After much thumbing through old Mad Magazines, the answer has become clear to me: The OKC Dodgers need some level of access to the OKC Dodgers field for goats. In my opinion, we cannot risk denying even a single goat his or her ability to enjoy American baseball, particularly in the beginning days of a franchise rollover. (That’s what we call it when we rename a baseball francise every 10 or so years, right?)
Spring is a special time for families, and for baseball. The two are most definitely not mutually exclusive, barring the few usual local statisticians and cardboard enthusiasts. Recently, in my quest to understand Twitter, I’ve grown to love a herd of goats known as the Hefner Goats, which tend to municipal needs around the Oklahoma City metro area (along with sheep and a Democrat, I’m told). Despite only having one interaction with them on said social medium, I already feel like they are nuclear family. Or at least a rung above my mom’s lazy-eyed King Charles the IIIrd Cousin Dog, or whatever.
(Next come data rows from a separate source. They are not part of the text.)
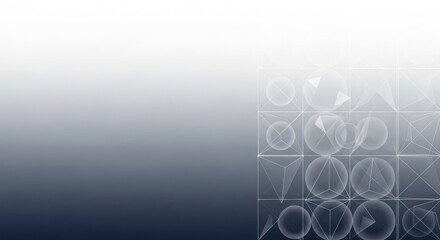 Geometric shapes wireframe cubes with translucent spheres triangular elements arranged in grid, for abstract data, digital structure, scientific research, technological innovation in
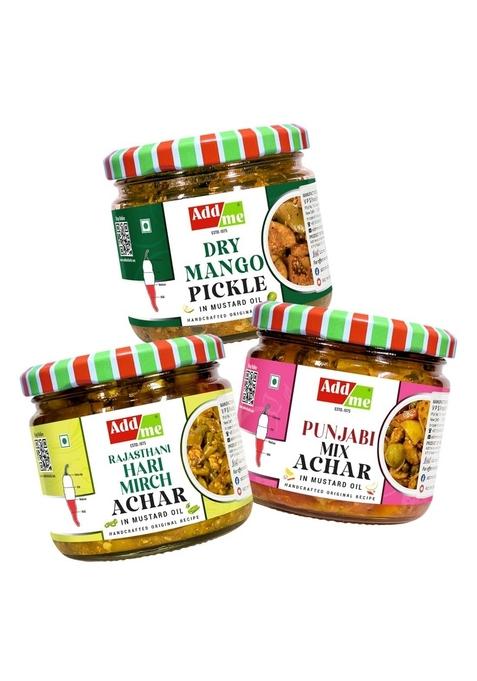 Add Me Aam Ka Sukha Achar 300 Gm Rajasthani Green Chilli Pickle 300Gm Homemade Mix G Combo Pack Of 3 L Pickles In Very Less Mustard Oil Ready To Eat Foods Glass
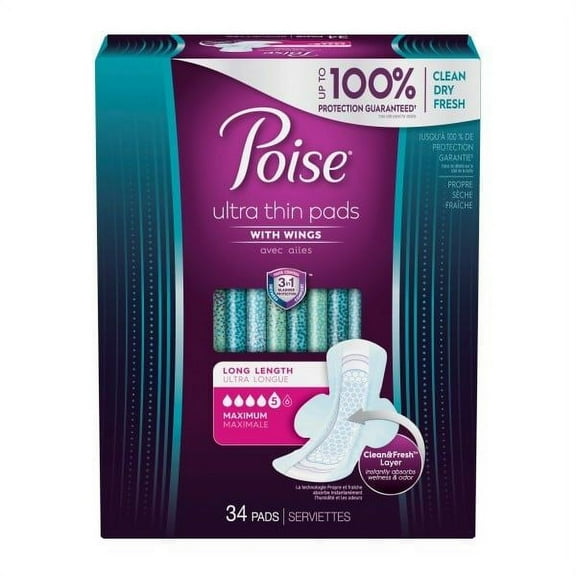 Poise Ultra Thin Max Pad 34 Count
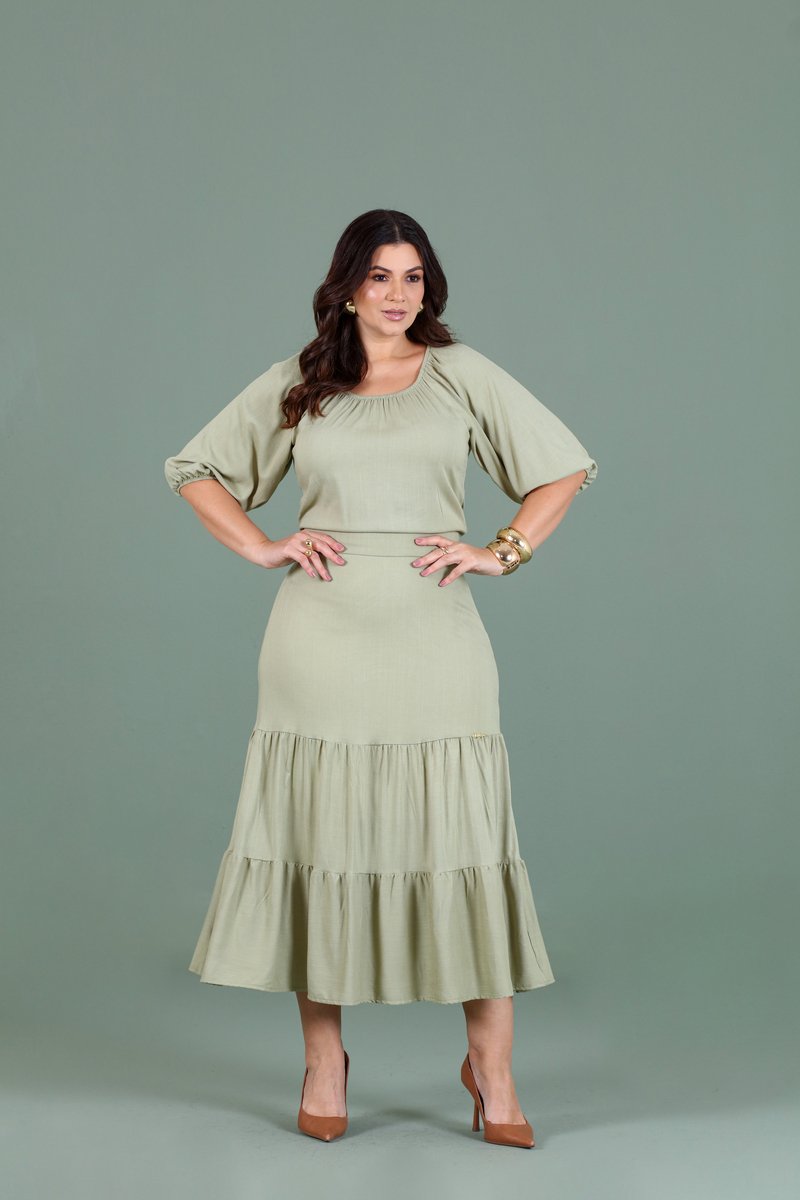 ぴろし Vestido Plus Size de Linho com Manga 7/8 - Hadaza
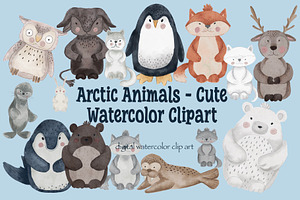 Arctic Animals - Cute Watercolor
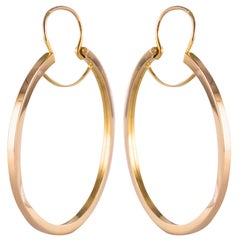20th Century 18 Karat Rose Gold Creoles Earrings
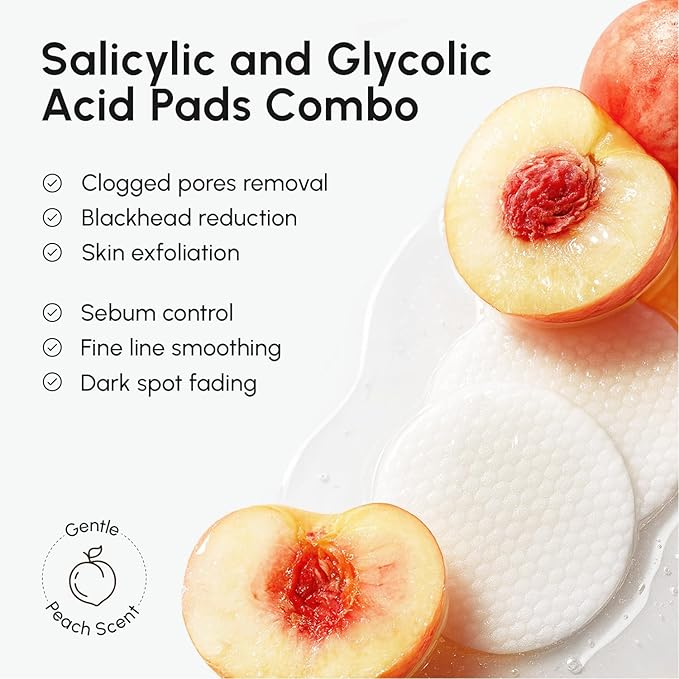 MAREE Glycolic Acid Pads & 2% Salicylic Acid – Toner Pads for Face with 20% Glycolic Acid Solution – Face Exfoliating Pads, Acne Clearing Face Pads – Skin Pore Resurfacing & Radiance Device – 50 Count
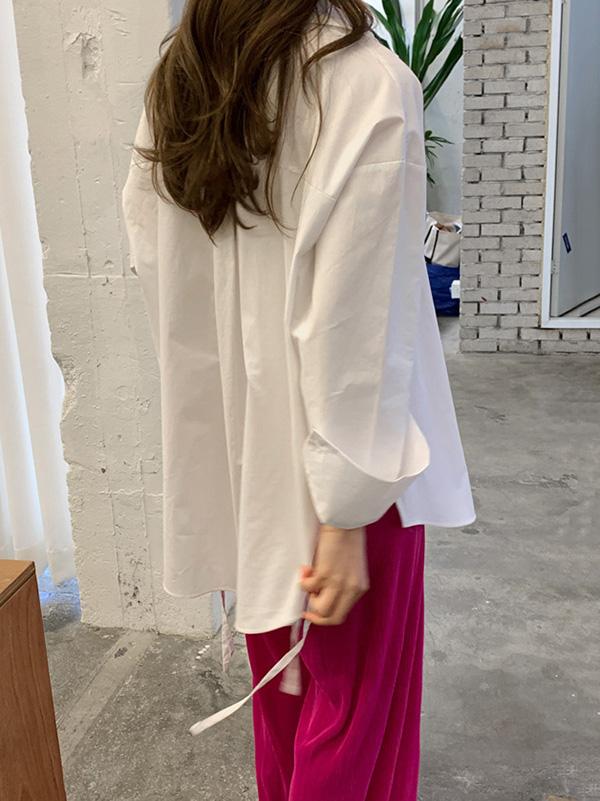 Loose Split-Side Lace-Up Cropped Comfortable Fashion Shirt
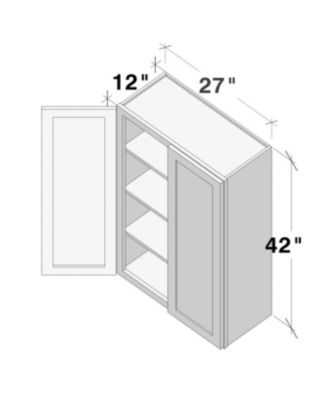 W27" Wall Cabinet with Full Overlay HDF Door for Custom Kitchen or Bathroom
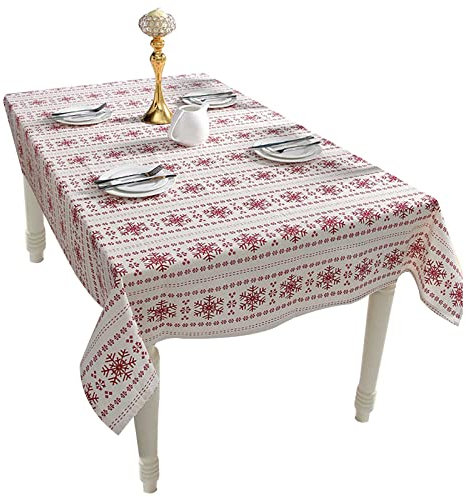 SANRLO Luxuriöser Tischläufer mit rotem Schneeflocken-Druck, Polyester-Tischwäsche für Landhaus-, Outdoor-, Weihnachts-, Party-Tischdekoration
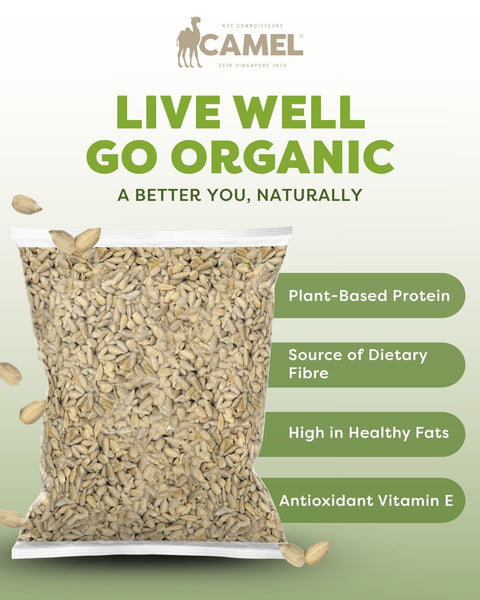 Camel Nuts organic raw sunflower seeds with nutrition values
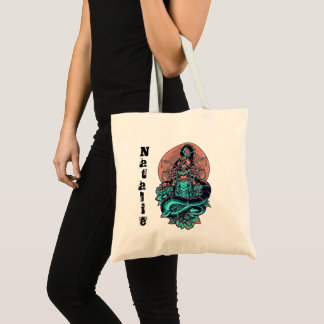 Blekens rosa och teal geisha illustration Tote Bag Tygkasse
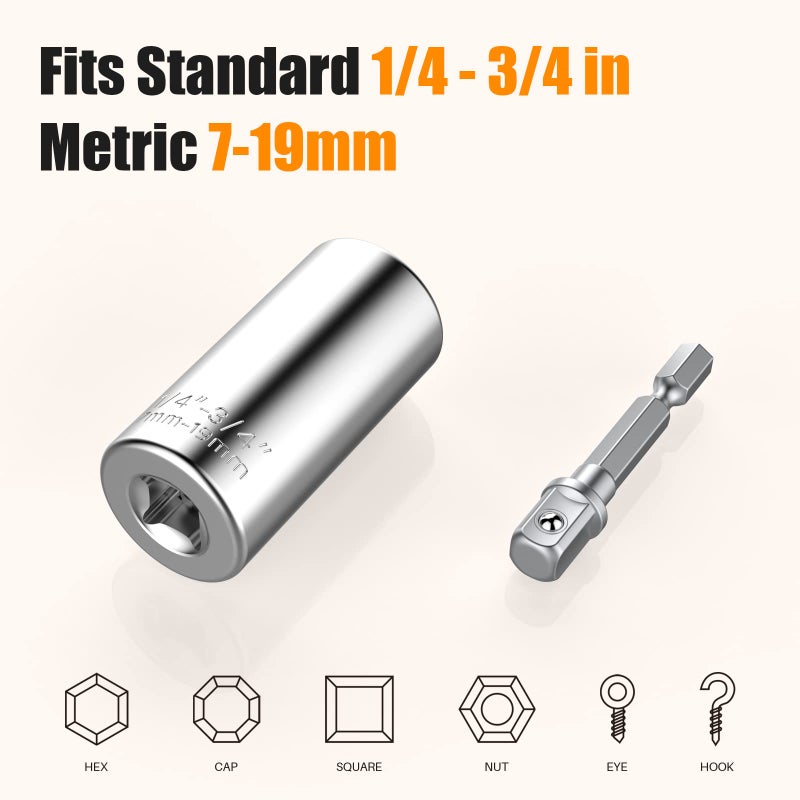 KUSONKEY Valentines Day Gifts for Him, Kusonkey Super Universal Socket Tools Gifts Stocking Stuffers for Men,Professional 7mm-19mm Tool Sets with Power Drill Adapter,Cool Gadgets for Him,Dad,Grandpa,Boyfriend - Image 3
Due to my newfound affinity for all things goat, I am considering adopting a dozen or two of the hard working Satan spawns for my personal lawn service, home security, and of course to expand the number of beloved members in my fine Oklahoma baseball loving multi-specied family. As I add goats to my already overly furry family photos, I’ll want to introduce my bearded friends to our favorite family pastime, baseball, and what better than the Oklahoma City Dodgers for their first taste of Americana and non-goat based leather?
As the Dodgers christen their Oklahoma City diamond I ask, nay I beg, them to consider allowing access to, at the very least, a small but premium hillside. Preferably just over left field (the greenest grass grows on the left side). At the very least I think a seat behind the visiting team dugout is in order, reserved for any Okie goat that might want to visit the ballpark with their family, tenders, or their personal herding dogs. Perhaps in the rare occasion that it goes unused it could be occupied by any out-of-town mascots or service animals belonging to active umpires.
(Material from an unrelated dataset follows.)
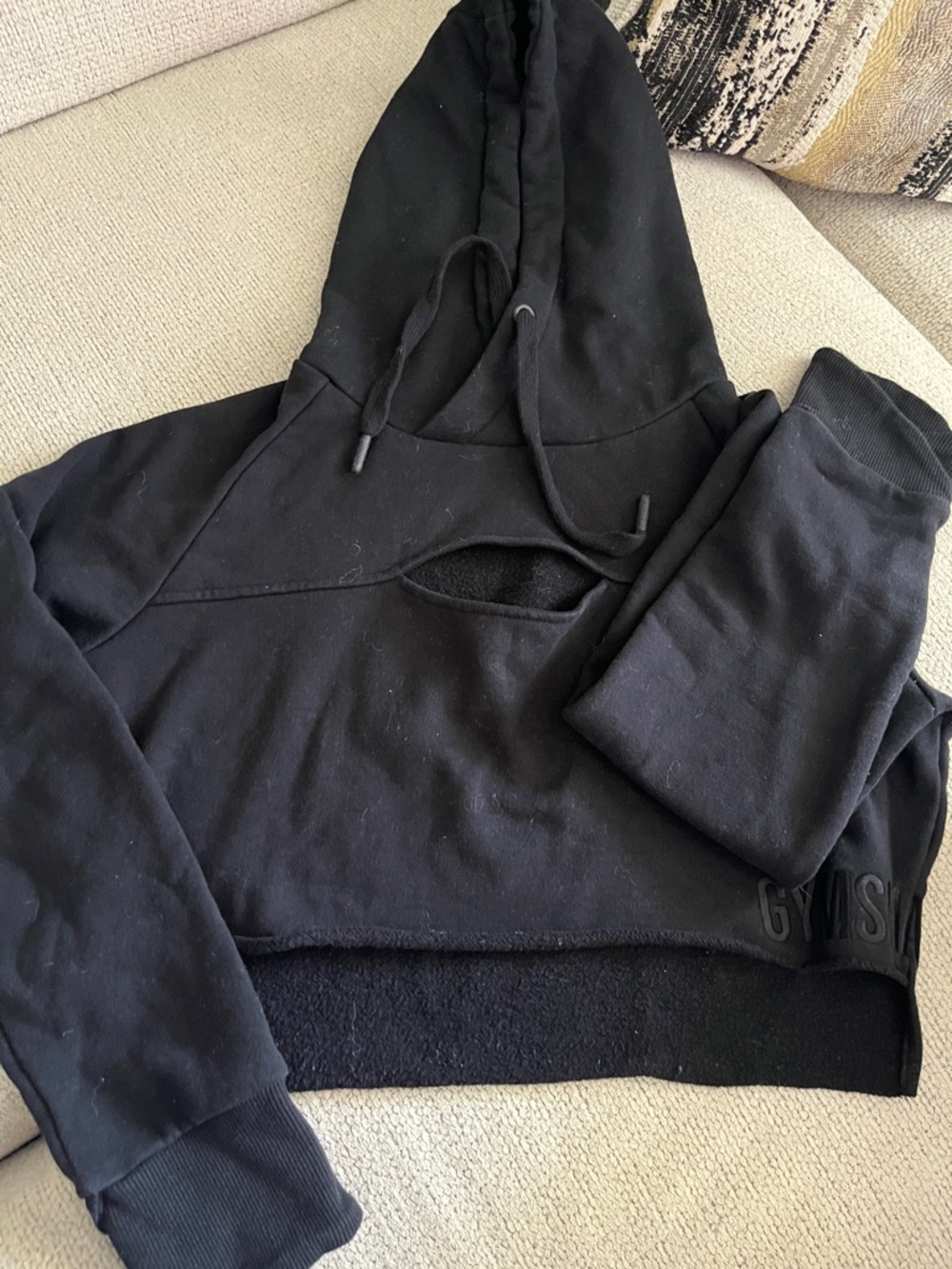 Gymshark Black Cropped Hoodie with Front Cutout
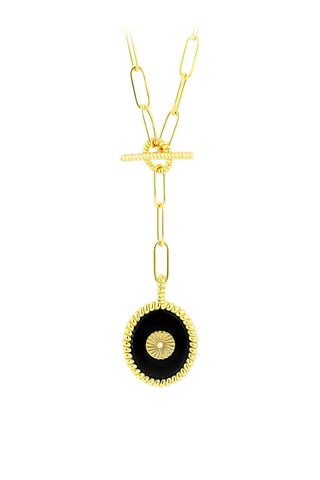 Collar bañado en oro fino amarillo - Ónice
Lord knows we all need someone on our side, and in my opinion the proud and all too often blue-collared goat might be just the wooly friend we need right now.
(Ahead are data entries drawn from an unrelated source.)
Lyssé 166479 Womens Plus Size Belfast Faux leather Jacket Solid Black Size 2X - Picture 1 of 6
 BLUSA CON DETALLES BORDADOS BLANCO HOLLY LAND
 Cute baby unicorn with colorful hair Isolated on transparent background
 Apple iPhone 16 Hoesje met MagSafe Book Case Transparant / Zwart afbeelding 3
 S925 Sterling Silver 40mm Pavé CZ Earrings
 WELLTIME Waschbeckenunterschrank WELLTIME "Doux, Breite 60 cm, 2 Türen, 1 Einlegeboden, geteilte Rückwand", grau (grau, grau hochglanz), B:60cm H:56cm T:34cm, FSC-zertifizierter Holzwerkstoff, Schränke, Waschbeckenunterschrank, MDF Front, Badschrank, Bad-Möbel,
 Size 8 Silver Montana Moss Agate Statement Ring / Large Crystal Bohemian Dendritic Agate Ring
As for the catification of Harry Caray, Twitter follower @Thomas_Reese requested I turn the Cubs and all of baseball’s most beloved voice into a proud feline, and it is my honor to do so. There are some who say Harry Caray was stronger, sharper, somehow better before he sat down to chug beer and sing* songs with the Cubbie fans, but not me. I say the body will do what it may, but being with those you love, or near the field on which they play when you pass away, and having them love you back, is nothing short of a hero’s death. Ladies, gentlemen, heroes, goats and cats, play ball.